#### PROVIDED MATERIAL
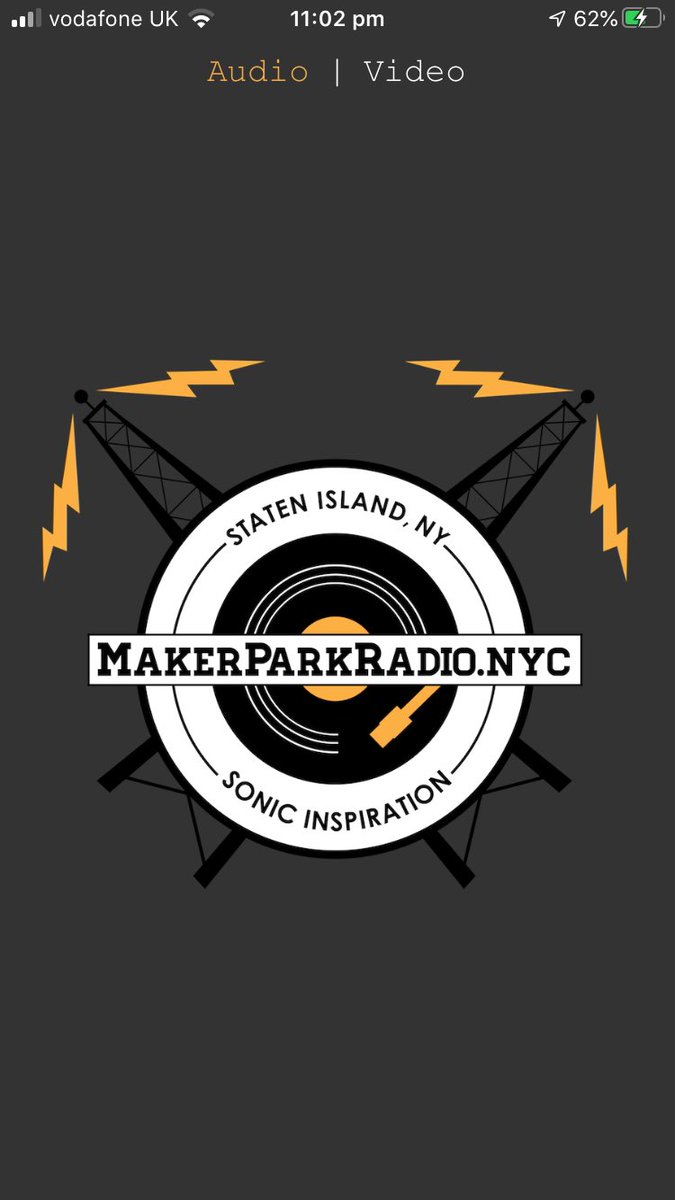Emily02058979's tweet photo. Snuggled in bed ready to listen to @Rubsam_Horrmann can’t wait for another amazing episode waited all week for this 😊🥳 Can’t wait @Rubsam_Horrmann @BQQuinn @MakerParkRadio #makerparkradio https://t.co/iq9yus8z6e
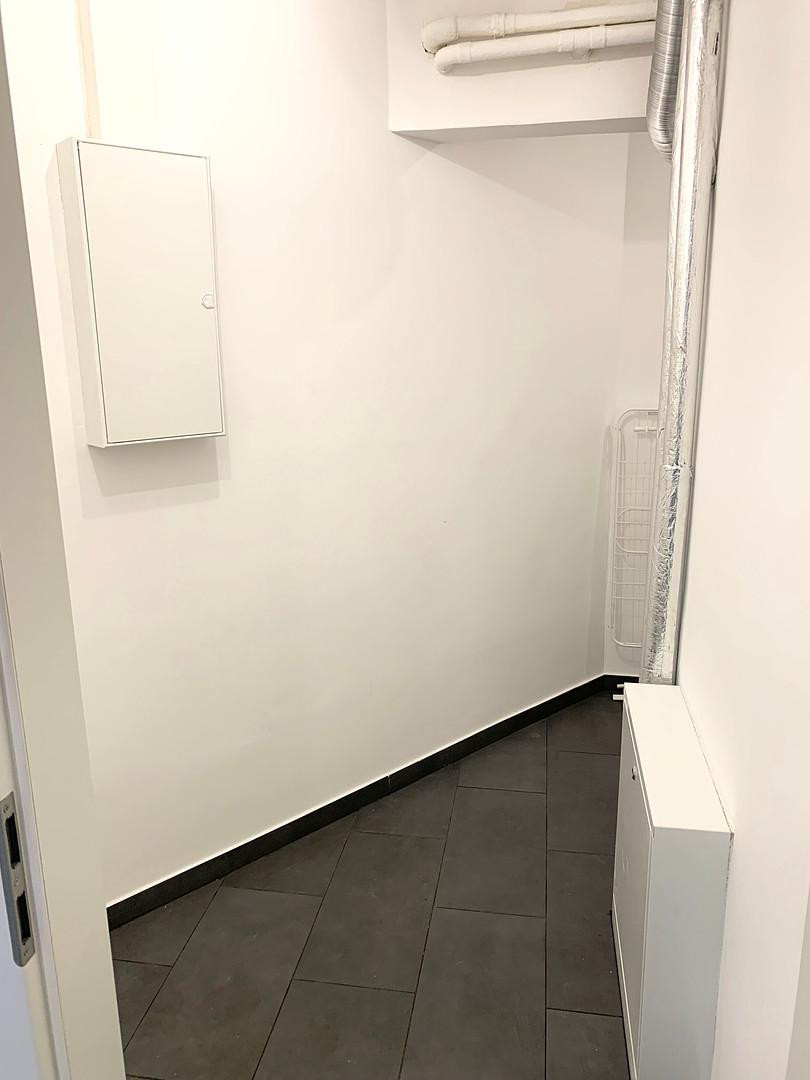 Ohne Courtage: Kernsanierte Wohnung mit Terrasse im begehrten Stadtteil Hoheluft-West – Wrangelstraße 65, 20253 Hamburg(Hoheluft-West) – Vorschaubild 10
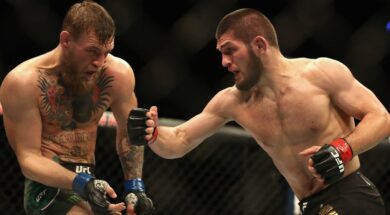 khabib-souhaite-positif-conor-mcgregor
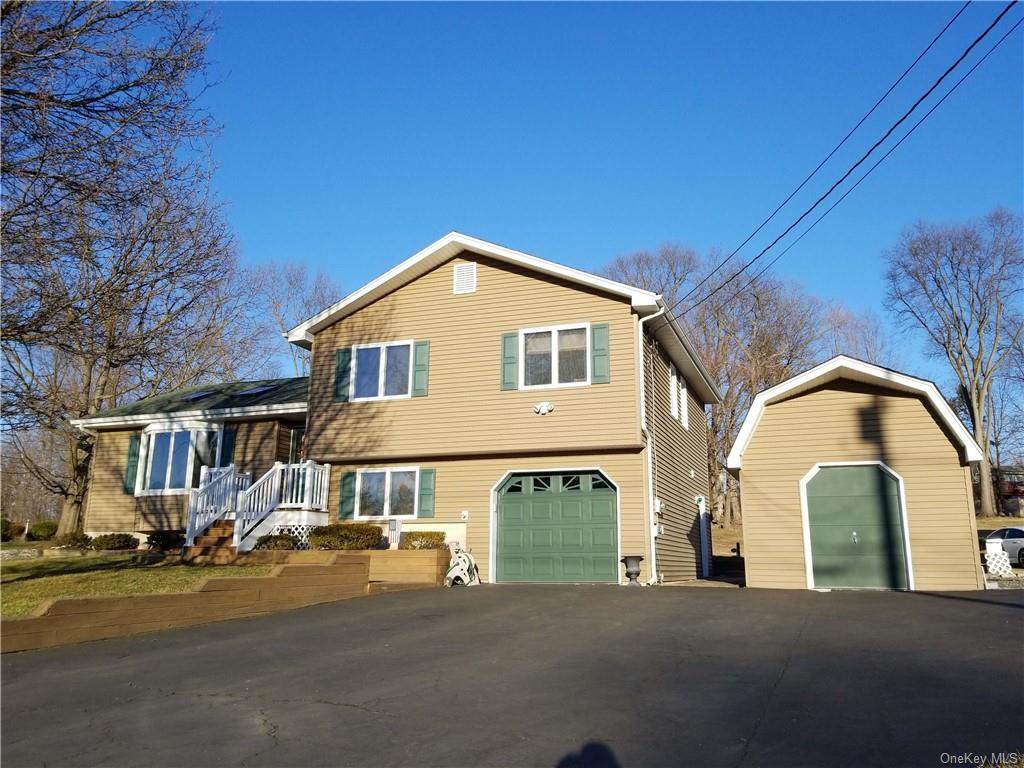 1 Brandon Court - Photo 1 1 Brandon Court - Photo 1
---
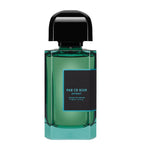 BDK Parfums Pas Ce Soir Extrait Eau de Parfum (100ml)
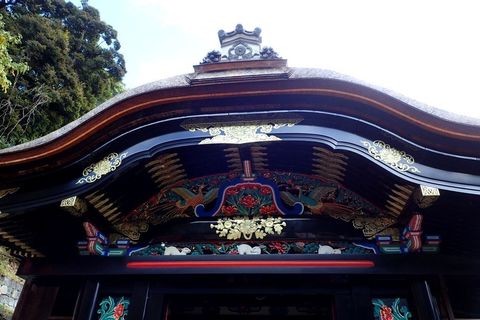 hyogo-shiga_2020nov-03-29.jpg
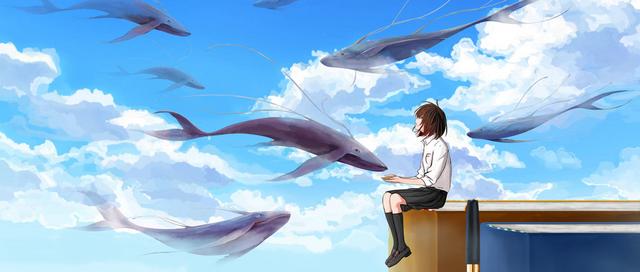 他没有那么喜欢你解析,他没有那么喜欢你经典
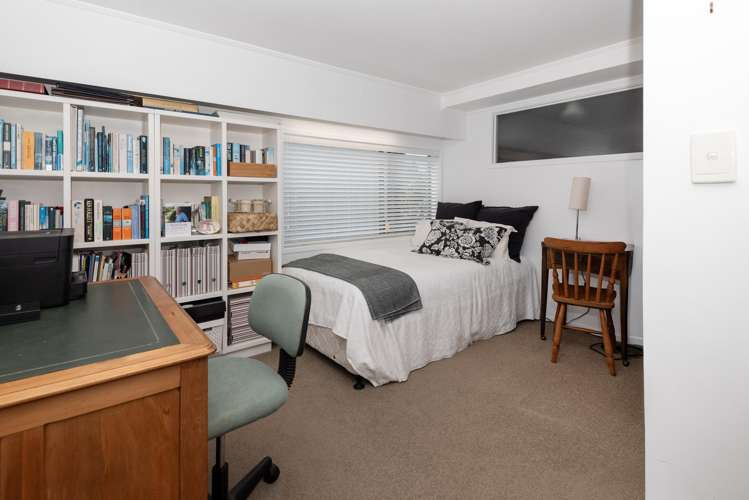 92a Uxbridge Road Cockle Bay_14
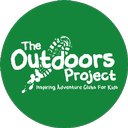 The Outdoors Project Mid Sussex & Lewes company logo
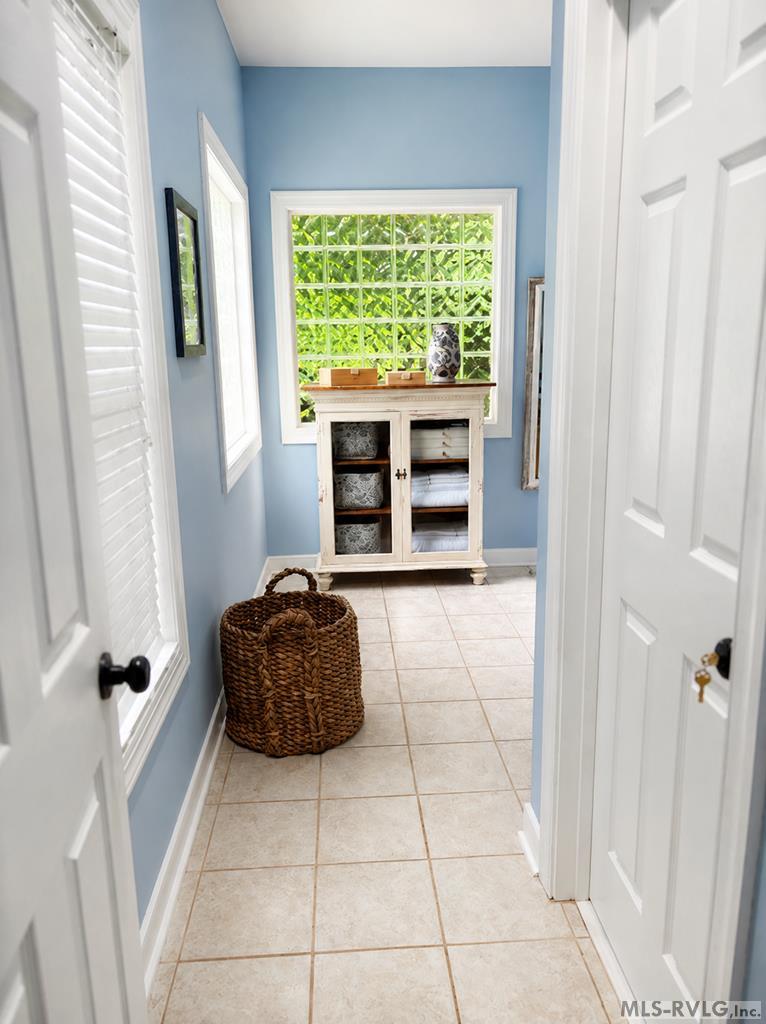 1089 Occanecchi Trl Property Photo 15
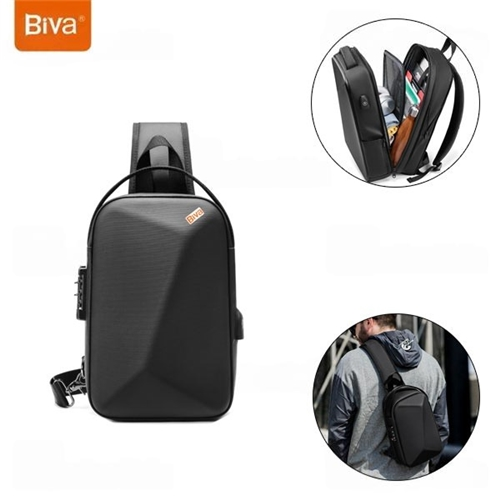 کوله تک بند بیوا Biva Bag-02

#### WORK TASK
Leaving pictures out, output the lines of the data above from the one with "hyogo-shiga_2020nov-03-29.jpg" through the one with "کوله تک بند بیوا Biva Bag-02", word for word.

#### RESULT FOR THIS EXERCISE
 hyogo-shiga_2020nov-03-29.jpg
 他没有那么喜欢你解析,他没有那么喜欢你经典
 92a Uxbridge Road Cockle Bay_14
 The Outdoors Project Mid Sussex & Lewes company logo
 1089 Occanecchi Trl Property Photo 15
 کوله تک بند بیوا Biva Bag-02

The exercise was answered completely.